[Caption-style text data]
------------------------------------------------------------
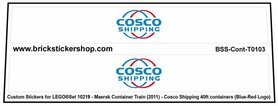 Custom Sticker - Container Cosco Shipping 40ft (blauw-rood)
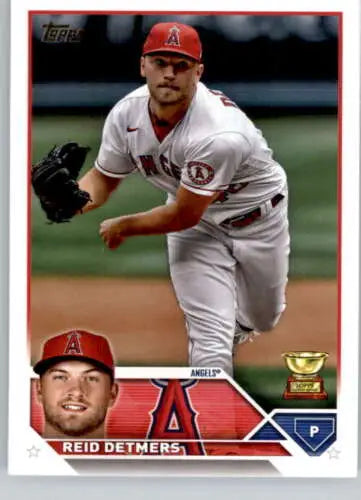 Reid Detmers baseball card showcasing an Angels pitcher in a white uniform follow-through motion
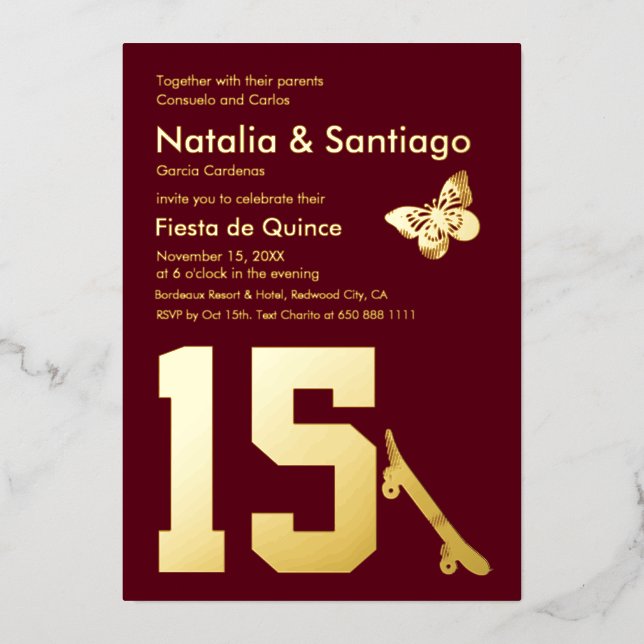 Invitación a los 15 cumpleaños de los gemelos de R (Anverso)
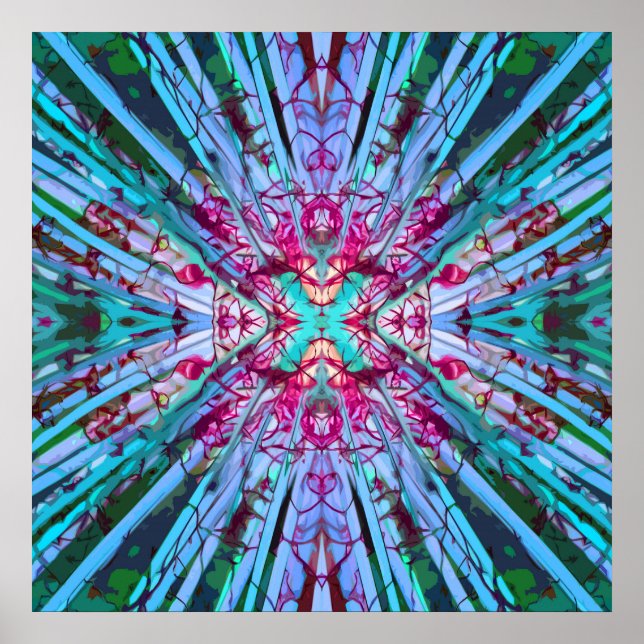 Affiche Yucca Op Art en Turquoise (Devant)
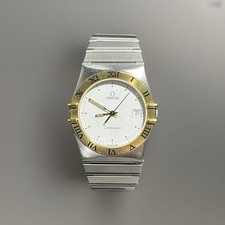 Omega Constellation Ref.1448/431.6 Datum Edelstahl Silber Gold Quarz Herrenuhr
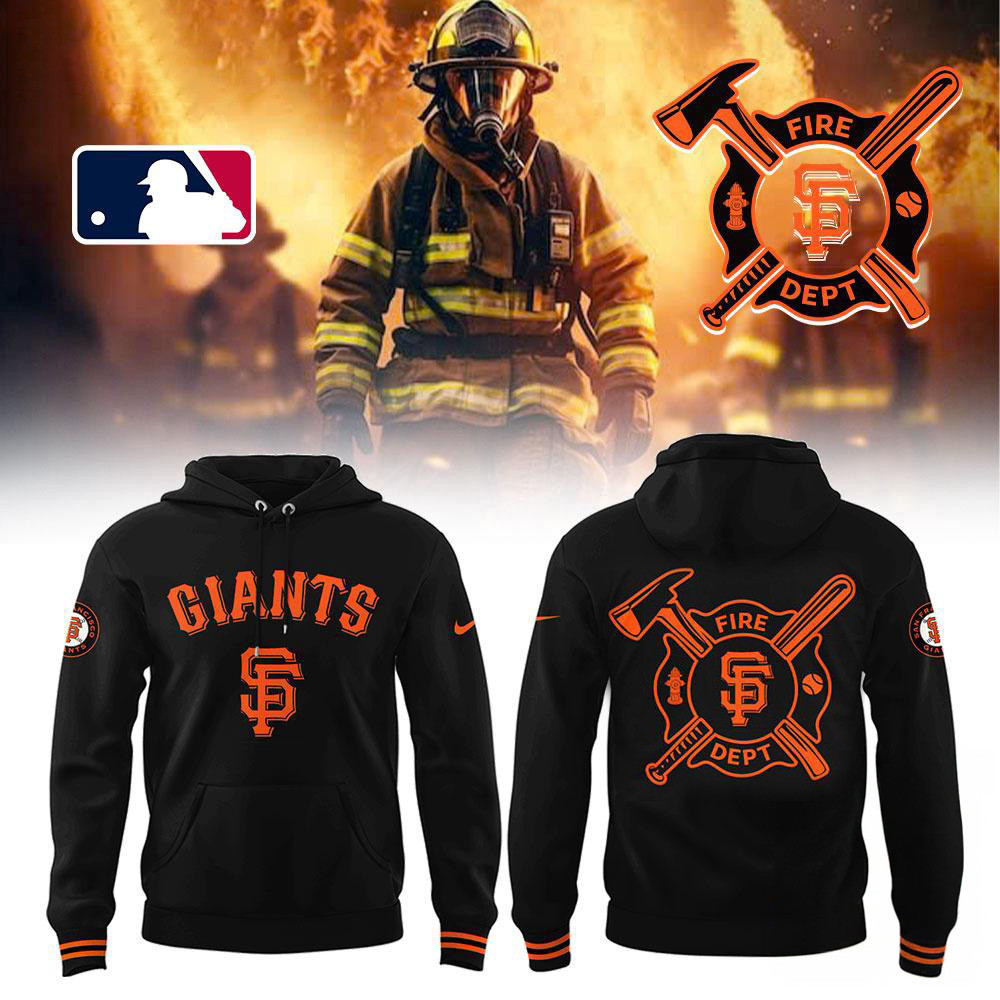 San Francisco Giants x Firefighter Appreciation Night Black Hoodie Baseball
------------------------------------------------------------
— Problem statement —
An exact copy of each entry is required, minus the pictures.

— Exercise response —
 Custom Sticker - Container Cosco Shipping 40ft (blauw-rood)
 Reid Detmers baseball card showcasing an Angels pitcher in a white uniform follow-through motion
 Invitación a los 15 cumpleaños de los gemelos de R (Anverso)
 Affiche Yucca Op Art en Turquoise (Devant)
 Omega Constellation Ref.1448/431.6 Datum Edelstahl Silber Gold Quarz Herrenuhr
 San Francisco Giants x Firefighter Appreciation Night Black Hoodie Baseball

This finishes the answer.